La vida te hizo en ese año un empréstito. Irías abonando con cada pedacito de vida que tuvieras. De andén en andén, de plaza en plaza. Se hizo entonces presente la soleá, ¿recuerdas? Melancólicamente amorosa. ¿Cómo estás, amor? Pregunta quieta que de repente era un morir y un vivir de repente. Si lo recuerdas, para muchos carece de importancia, porque no tuvo arreglo, no era hora de pensar sino de vivir, lo justo y lo necesario, para ir tejiendo cada vez tu propia historia. Sabías de memoria la hora en que se acercaría de nuevo a ser transeúnte de tus labios, de tus hojas, de la arena que recogías para construir a pedazos la montaña.
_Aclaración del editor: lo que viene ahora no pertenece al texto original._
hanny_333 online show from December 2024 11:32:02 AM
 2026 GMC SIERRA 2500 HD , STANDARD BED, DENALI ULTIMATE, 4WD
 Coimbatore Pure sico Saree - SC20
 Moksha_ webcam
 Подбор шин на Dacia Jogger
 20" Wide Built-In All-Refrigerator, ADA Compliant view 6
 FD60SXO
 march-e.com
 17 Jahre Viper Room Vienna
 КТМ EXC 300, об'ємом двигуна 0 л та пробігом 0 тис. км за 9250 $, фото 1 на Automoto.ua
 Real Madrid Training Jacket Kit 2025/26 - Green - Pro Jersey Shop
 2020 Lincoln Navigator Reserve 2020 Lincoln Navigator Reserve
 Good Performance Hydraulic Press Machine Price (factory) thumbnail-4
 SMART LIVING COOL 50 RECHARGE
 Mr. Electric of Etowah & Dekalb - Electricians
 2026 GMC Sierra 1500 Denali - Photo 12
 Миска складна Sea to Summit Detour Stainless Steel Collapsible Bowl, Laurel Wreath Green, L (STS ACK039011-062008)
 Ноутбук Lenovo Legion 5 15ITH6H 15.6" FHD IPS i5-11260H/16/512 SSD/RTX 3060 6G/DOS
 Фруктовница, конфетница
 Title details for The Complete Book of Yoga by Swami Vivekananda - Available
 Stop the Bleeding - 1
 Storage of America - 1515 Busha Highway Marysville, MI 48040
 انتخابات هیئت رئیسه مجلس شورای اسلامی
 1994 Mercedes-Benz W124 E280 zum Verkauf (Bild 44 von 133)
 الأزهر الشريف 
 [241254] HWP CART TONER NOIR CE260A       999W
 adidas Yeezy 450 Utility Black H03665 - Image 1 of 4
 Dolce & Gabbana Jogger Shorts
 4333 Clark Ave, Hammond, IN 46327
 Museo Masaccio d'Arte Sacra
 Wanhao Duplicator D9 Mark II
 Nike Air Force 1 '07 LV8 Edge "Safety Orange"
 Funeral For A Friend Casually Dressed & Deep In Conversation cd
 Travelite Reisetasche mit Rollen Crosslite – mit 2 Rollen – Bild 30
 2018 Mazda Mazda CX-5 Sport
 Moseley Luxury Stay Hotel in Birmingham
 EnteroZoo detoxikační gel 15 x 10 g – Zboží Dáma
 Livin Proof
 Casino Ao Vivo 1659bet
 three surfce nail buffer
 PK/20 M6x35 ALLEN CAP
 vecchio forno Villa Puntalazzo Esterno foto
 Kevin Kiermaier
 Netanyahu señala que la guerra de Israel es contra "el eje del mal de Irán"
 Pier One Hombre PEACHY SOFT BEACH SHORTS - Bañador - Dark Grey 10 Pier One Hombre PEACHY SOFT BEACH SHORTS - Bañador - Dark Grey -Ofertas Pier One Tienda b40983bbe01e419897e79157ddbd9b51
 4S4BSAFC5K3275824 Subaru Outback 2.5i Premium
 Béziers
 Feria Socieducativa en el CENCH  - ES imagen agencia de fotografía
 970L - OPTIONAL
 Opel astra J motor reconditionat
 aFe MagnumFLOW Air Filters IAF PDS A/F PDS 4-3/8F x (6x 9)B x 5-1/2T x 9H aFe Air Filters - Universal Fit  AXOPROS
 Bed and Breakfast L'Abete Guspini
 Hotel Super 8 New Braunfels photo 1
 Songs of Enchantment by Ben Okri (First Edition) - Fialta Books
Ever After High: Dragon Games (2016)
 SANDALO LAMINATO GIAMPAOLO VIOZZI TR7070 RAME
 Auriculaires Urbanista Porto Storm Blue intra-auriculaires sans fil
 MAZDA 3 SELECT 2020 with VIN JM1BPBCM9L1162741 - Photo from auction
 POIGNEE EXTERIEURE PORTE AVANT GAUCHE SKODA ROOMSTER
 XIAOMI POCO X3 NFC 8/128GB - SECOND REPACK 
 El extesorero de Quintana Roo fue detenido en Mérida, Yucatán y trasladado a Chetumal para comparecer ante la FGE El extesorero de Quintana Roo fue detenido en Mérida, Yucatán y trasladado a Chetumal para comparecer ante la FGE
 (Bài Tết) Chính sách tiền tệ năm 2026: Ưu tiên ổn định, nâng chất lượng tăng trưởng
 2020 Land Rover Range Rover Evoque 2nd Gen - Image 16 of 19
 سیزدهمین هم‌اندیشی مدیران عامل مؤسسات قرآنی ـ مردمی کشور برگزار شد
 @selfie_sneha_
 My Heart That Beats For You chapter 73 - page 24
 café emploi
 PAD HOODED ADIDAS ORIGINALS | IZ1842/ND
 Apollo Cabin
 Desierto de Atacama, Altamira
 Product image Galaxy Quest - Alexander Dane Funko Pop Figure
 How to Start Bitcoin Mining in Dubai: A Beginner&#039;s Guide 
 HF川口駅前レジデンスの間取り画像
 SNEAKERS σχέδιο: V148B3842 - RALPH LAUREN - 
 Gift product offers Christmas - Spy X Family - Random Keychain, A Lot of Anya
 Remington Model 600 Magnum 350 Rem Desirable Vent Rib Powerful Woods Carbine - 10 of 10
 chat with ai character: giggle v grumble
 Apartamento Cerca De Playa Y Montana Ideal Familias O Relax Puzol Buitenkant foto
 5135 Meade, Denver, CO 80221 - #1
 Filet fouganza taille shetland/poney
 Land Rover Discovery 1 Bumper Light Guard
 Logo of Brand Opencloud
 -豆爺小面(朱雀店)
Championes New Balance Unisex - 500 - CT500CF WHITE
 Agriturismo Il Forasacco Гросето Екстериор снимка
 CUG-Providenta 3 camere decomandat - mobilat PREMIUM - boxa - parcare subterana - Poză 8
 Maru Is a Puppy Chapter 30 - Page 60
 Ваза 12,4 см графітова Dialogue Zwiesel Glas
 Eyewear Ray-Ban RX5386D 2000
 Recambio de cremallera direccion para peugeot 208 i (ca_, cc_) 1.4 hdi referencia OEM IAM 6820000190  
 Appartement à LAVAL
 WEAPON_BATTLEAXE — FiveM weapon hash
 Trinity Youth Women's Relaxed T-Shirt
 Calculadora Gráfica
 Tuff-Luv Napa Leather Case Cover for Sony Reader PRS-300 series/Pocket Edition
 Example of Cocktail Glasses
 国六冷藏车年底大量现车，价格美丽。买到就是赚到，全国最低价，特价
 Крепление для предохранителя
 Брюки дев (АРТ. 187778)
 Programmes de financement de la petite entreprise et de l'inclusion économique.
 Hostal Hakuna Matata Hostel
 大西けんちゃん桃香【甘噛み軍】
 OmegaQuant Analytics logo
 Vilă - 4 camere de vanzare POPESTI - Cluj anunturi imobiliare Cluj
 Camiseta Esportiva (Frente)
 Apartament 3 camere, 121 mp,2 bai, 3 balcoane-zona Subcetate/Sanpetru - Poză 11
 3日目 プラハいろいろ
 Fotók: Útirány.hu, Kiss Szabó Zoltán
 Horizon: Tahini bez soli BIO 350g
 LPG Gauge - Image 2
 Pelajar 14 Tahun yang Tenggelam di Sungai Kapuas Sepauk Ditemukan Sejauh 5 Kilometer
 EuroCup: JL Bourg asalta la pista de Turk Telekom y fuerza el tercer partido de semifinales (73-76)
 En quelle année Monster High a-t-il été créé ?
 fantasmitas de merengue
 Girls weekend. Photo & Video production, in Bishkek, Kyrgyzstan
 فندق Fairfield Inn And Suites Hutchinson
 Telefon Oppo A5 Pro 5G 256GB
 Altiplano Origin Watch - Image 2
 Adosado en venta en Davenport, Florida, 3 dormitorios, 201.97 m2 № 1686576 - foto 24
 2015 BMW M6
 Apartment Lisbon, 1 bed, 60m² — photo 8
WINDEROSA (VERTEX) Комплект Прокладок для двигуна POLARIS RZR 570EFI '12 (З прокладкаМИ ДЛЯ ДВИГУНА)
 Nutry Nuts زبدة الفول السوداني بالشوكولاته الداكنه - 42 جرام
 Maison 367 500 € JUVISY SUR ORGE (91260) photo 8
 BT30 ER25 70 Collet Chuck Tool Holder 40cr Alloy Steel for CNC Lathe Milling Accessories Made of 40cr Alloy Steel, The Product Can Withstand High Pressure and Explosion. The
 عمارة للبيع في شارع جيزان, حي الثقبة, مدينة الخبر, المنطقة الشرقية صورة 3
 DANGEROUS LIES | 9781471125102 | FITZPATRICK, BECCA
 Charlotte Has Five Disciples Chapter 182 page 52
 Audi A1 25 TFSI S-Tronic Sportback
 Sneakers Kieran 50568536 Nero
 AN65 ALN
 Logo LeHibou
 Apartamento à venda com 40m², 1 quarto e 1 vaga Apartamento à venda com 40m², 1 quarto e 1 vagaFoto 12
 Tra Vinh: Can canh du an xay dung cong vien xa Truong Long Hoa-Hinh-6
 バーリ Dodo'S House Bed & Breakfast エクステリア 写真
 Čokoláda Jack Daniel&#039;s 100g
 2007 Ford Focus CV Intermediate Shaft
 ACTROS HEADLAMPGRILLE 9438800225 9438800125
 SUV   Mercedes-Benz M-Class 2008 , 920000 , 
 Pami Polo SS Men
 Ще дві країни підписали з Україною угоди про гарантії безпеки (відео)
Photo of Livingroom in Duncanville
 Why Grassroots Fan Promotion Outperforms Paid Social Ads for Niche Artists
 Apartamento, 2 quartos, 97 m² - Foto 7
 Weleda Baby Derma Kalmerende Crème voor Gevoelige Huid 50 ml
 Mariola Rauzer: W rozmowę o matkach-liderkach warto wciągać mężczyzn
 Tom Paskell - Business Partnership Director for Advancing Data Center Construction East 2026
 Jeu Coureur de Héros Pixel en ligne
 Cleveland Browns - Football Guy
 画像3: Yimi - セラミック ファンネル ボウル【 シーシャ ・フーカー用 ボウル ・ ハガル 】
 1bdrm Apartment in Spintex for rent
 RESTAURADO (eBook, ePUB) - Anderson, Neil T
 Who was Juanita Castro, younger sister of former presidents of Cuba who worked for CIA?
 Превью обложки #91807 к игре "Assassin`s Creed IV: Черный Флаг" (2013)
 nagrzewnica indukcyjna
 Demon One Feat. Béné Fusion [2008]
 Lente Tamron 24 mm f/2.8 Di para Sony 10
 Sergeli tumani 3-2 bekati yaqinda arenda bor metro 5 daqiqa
Es tu historia primera, así pasaron las cosas, las oquedades de las horas fueron goteando las cámaras de las horas, el vacío impide que la humedad penetre en tu muro y tus lágrimas son hilos que te defienden por el momento. Sabes que ha llegado la hora. Que tus palabras son en algún modo pregunta, que no quiere salir porque no desea saber la respuesta. El tiempo no es una queja, es el asomo a lo inútil. Ha sido tu modo de vivir. Tu modo natural de cerrar y abrir las puertas, aunque sabes que la sed es un punto y aparte de la noche que se viene. Comienzas a recordar porque claramente sabes que lo que importa está en ese tren, porque nada importa el vivir desanimado. Es una alegría el recuerdo en el espejo, una emoción pávida y terminal que germina a cada hora donde el rostro es un muro vacío.